Keep your hands at least 150mm from the blade path. Never reach across the blade to hold the offcut while cutting. The offcut will fly free, and that's fine. Your fingers staying attached matters more than a small piece of timber bouncing off the bench.
Safety glasses. Every cut throws wood chips. A splinter in your eye stops the project.
Ear defenders. Mitre saws produce 95-105 dB. Hearing damage starts within minutes at that level.

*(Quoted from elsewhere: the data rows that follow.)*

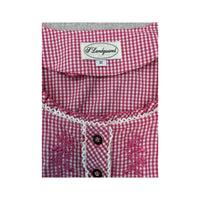 Landgewand Pink Gingham Lace Trim Embroidered Cotton Blouse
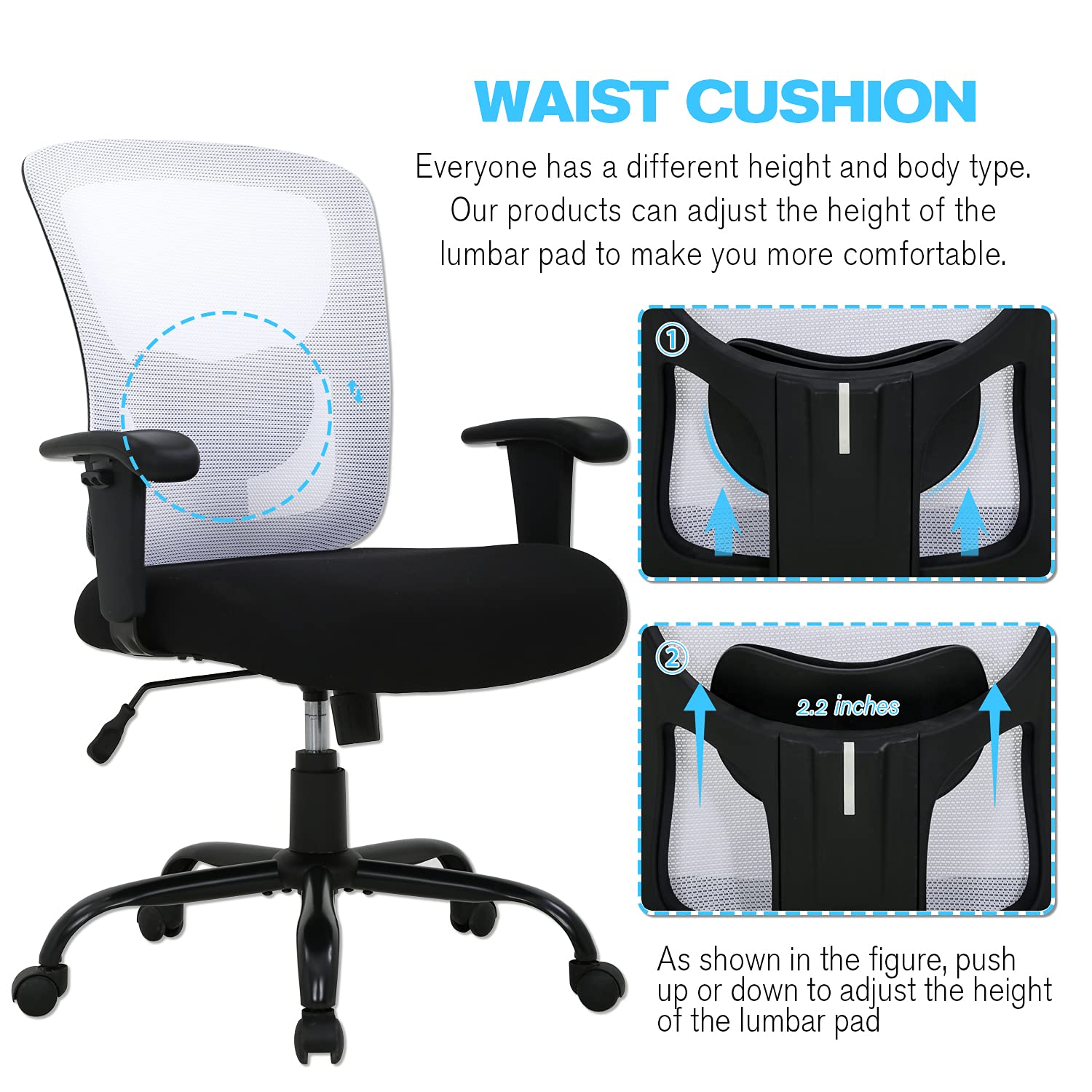 HCY Big and Tall Office Chair - 400 lbs Weight Capacity Ergonomic Mesh Computer Desk Chair with Adjustable Height, Lumbar Support & Wheels for Heavy People - Perfect for Home Office, Gaming & Workspaces (White)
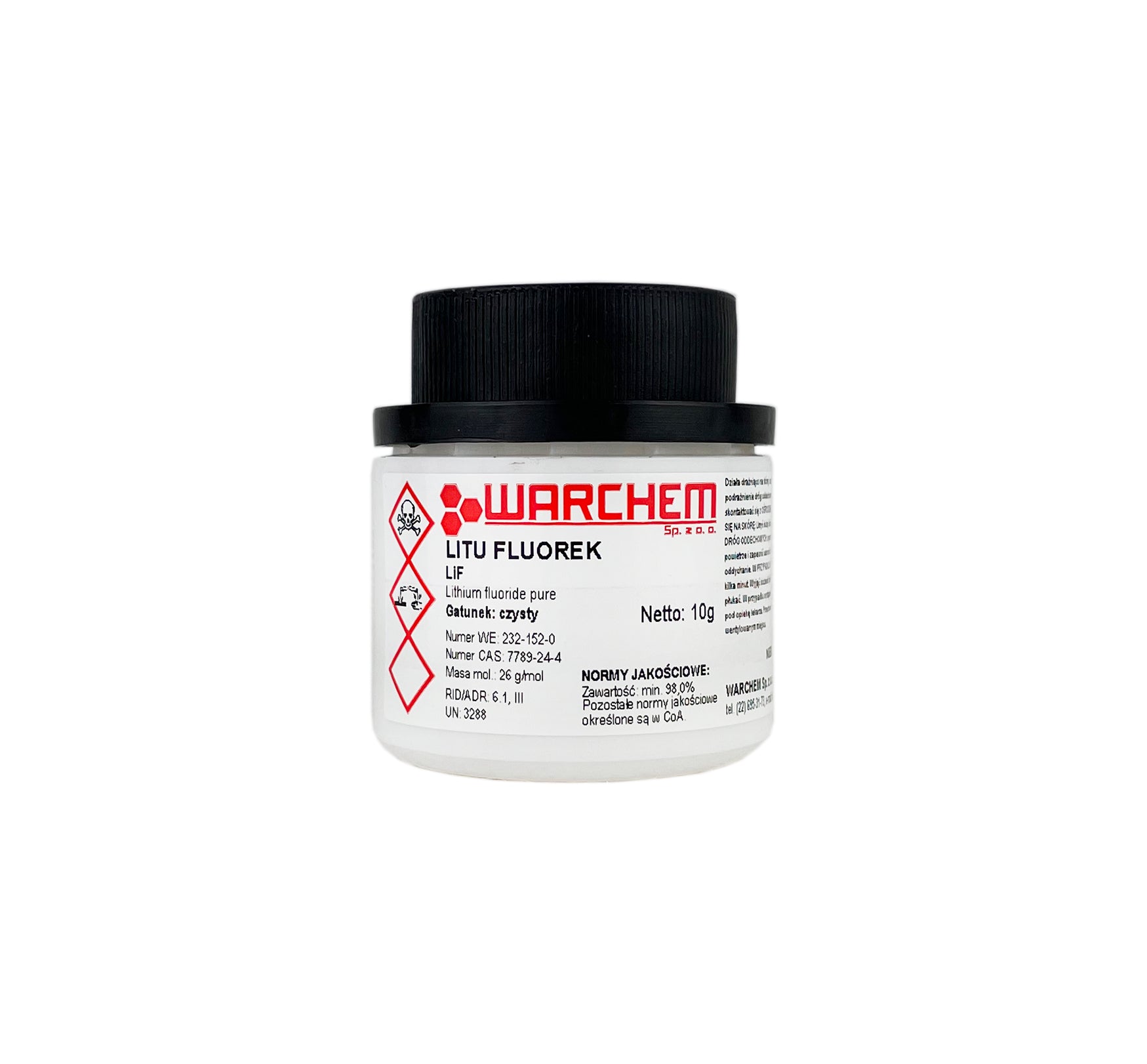 Reines Lithiumfluorid in 10g Verpackung von WARCHEM, chemische Substanz für Laboranwendungen, klarer Kristall.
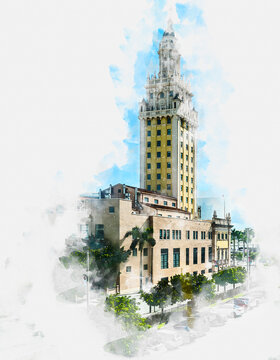 Watercolor painting illustration of View of downtown Miami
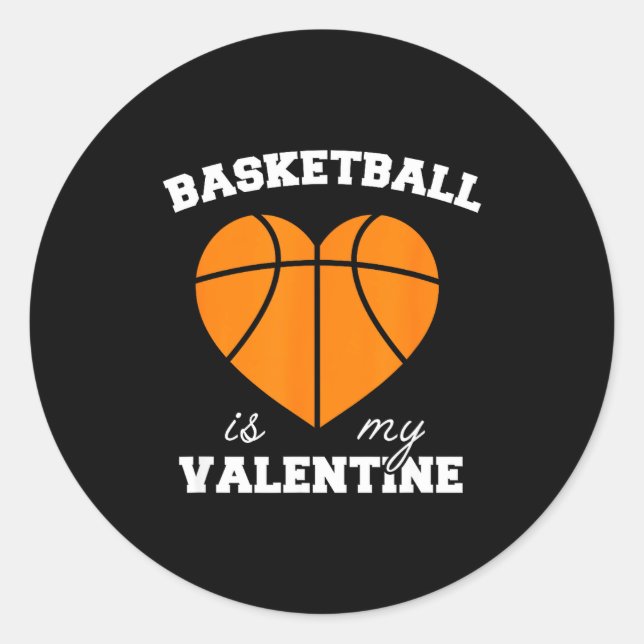 Pegatina Redonda Threadrock Basketball Is My Valentine - Women's Un (Anverso)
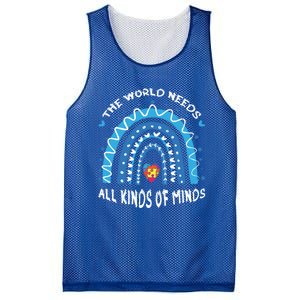 World Needs Minds Puzzle April Blue Rainbow Autism Awareness Funny Gift Mesh Reversible Basketball Jersey Tank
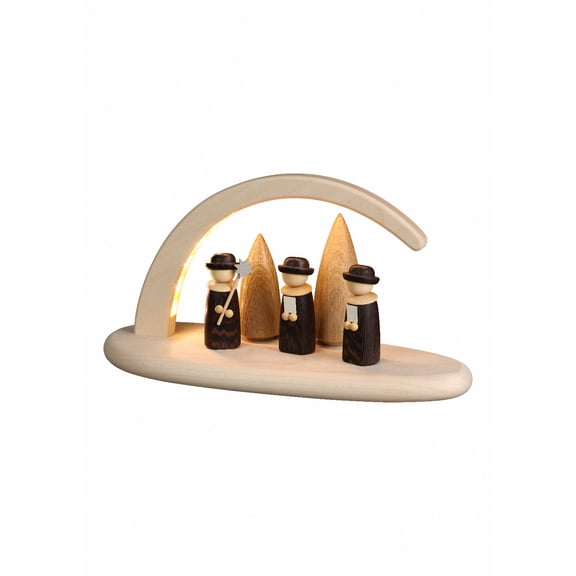 German candle arch, length 24 cm / 10 inch, natural, electrically illuminated, original Erzgebirge by Seiffener Volkskunst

Dust mask: FFP3 or P3 half-mask, not FFP2. This is the one most people get wrong. The HSE specifically addresses mitre saws (they call them chop saws) in their wood dust guidance. Hardwood dust is a known carcinogen causing nasal cancer. Softwood dust causes occupational asthma. Carpenters are four times more likely to develop asthma than other workers. The HSE workplace exposure limit for hardwood dust is 3mg/m3. FFP1 and FFP2 masks are insufficient. Wear FFP3 for all wood cutting.
Dust extraction. The dust bag on a mitre saw captures only about 70-75% of the dust. Fine particles escape in all directions, especially behind and above the blade. Connect a shop vac (industrial wet/dry vacuum with a Class M filter) to the saw's extraction port for much better collection. Better still, do your sawing outdoors whenever the weather allows.
Never defeat the blade guard. The spring-loaded guard covers the blade when it's at rest and retracts as you lower the head into the cut. If the guard sticks, clean it. Don't tape it back or remove it.
Wait for the blade to stop. After the cut, release the trigger and hold the head down until the blade has fully stopped. Lifting the head while the blade is still spinning exposes the teeth.